What is required
Pictures excluded, output exactly the lines from the one containing "Image de vidaXL" through the last line of the listing below.

Data excerpt
◇ ◇ ◇

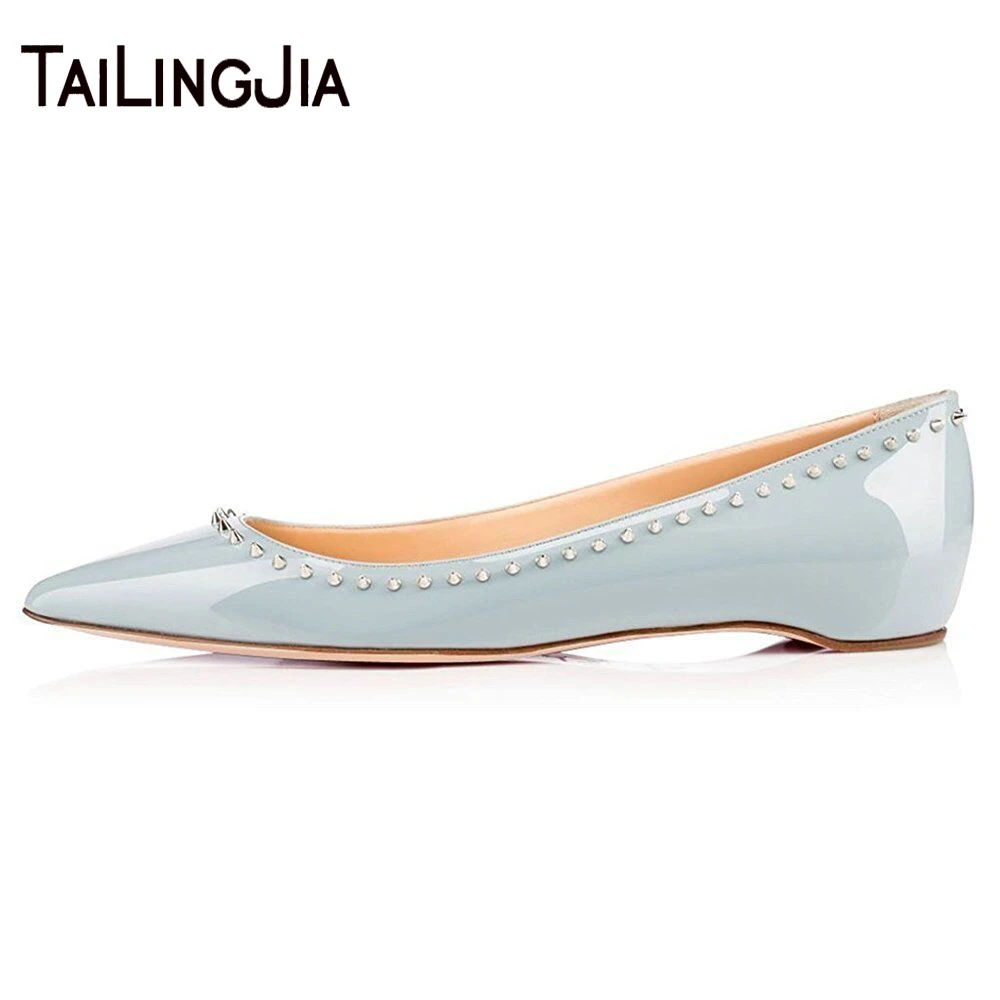 

New Style Woman Shoes Light Bule Fresh Pointed Toe Slip On Flat Shoes With Many Studs Comfortable Ladies Flat Shoe Free Shipping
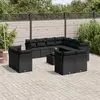 Image de vidaXL Salon de jardin 12 pcs avec coussins noir résine tressée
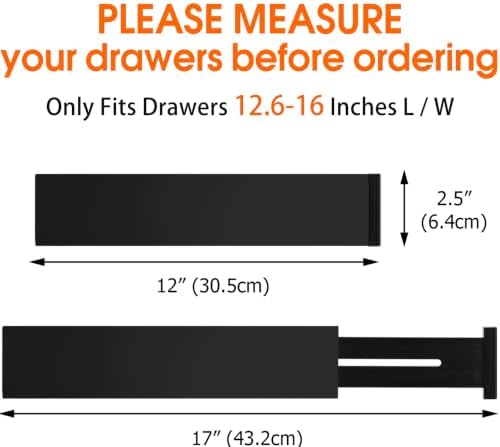 Bamboo Drawer Dividers, Adjustable Drawer Organizers, Fits 12.6–16" Drawers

◇ ◇ ◇

Response to the task
 Image de vidaXL Salon de jardin 12 pcs avec coussins noir résine tressée
 Bamboo Drawer Dividers, Adjustable Drawer Organizers, Fits 12.6–16" Drawers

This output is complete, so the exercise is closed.